Marcia was the oldest of four children.  She and her brother Robert (known as Timmy within the family), and sisters Jean and Diana grew up in Wellesley Hills, Massachusetts.  Despite the fact that the Depression hit just six years after her birth, she always said that she didn't even know the Depression was taking place because it was during that exact time that her father, an attorney for Palmer & Dodge in Boston, built their big brick home in Wellesley Hills where she lived until she left for Smith College.  Attending Smith, and receiving a Master's in Social Work from their School of Social Work, was one of the things in her life of which she was most proud.  

While at Smith, Marcia met Clifton W. Emery, Jr.  They were married soon after her graduation and moved to New York City.  While Cliff attended Columbia University for graduate school, Marcia worked as a social worker for the city.  They subsequently moved back to Massachusetts and lived in Arlington and then Medford where he was Dean of Men for Tufts College.  Marcia and Cliff had three children, Nancy, Chip and Peter, and were divorced in 1960.  

Marcia later married Theodore Wood, Jr. and moved to Winchester where she lived the remainder of her life.  Marcia and Ted had one daughter, Laurie.  Despite the fact that she was never a "career woman" in today's sense of the word, she was also never idle.  Throughout her life, she was an active member and leader in a wide variety of clubs and organizations.  She was a member of the League of Women Voters, the Winchester Historical Society, the Smith Club, the Winchester Seniors Association and the Council on Aging, among others.  She was also an avid antique lace and clothing collector and had a small antique shop callled The Mulberry Bush in Needham for a period of time.

Ted was a Professor of Humanities at M.I.T. which gave them the opportunity to spend summers on Chebeague Island, Maine.  "The point", as it is known in the family, became the focal point of family life every year.  There they went boating and sailing, hosted family dinners and enjoyed the long summer evenings on the big front porch overlooking the water.  To this day, Chebeague has a very special place in the family fabric.

Several years after Ted's death in 1993, Marcia reconnected with an old flame from her teenage years, Arthur C. Burleigh.  Marcia and Arthur traveled extensively and enjoyed getting together with family and friends. He was a great comfort to Marcia when her daughter Nancy died in 2007.  Arthur moved to Woburn in 2009, after which they were rarely apart.  Arthur passed away in 2012.  

Marcia has always had close friends who have meant the world to her.  Susan Keats, Nancy Dahm, Cecily Parkhurst, Jo Morgan, Pat Wells, and many, many others have given her the friendship and intellectual stimulation that has kept her active and engaged right up to her death at the age of 91.  These people gave her strength when life was challenging and made her laugh when life was good.  She was a woman who drew on her relationships with others for energy and inspiration and her family is so grateful for all they have done in good times and bad.

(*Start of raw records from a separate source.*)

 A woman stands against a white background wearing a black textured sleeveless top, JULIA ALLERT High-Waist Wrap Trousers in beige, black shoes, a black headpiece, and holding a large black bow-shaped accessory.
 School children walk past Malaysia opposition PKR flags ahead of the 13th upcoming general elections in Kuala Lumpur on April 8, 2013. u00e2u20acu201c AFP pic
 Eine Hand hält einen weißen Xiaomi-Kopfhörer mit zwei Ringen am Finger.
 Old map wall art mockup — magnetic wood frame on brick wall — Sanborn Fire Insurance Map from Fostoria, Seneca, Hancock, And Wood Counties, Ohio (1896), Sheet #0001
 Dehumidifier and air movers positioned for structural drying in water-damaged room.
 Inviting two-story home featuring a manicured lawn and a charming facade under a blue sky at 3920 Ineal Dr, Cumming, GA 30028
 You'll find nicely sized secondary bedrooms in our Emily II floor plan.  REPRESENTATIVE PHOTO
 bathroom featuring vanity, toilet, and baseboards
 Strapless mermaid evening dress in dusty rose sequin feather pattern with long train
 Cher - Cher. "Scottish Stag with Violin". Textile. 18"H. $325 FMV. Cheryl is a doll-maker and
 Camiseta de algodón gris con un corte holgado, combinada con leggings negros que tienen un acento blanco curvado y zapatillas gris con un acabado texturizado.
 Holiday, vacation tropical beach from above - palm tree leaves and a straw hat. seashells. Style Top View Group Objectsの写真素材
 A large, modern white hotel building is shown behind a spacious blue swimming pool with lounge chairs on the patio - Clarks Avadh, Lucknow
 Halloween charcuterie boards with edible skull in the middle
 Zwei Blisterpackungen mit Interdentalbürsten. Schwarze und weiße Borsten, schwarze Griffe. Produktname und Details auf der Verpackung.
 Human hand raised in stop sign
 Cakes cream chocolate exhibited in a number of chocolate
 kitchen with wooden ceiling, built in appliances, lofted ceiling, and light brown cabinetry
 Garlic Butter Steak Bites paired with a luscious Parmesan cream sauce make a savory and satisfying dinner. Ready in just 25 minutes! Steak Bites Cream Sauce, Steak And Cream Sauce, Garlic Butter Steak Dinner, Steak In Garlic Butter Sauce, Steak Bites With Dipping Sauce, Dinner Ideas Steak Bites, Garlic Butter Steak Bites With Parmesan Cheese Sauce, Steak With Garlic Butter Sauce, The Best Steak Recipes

Anyone who knew Marcia knew that it was her role as mother, grandmother and, most recently, great-grandmother that truly defined her life.  At her 80th birthday party, she introduced all her assembled family to the guests as her "life's work."  She often said how lucky she was because all her children lived relatively close by.  Family gatherings, such as the annual Music Weekend on Chebeague Island, were the highlight of her schedule.  Her children and her grandchildren, Jaedra, Katie, John, Jocelyn, Ben, Matthew, Brian and Shoshanna, loved her dearly and looked to her for support and advice.  

At this difficult time of loss, the family that Marcia built and nurtured has come together to ease our sorrow and create even more family memories.  We appreciate all the love and support we have received from our friends and we ask that you keep the memory of Marcia and her life's accomplishments close to your heart.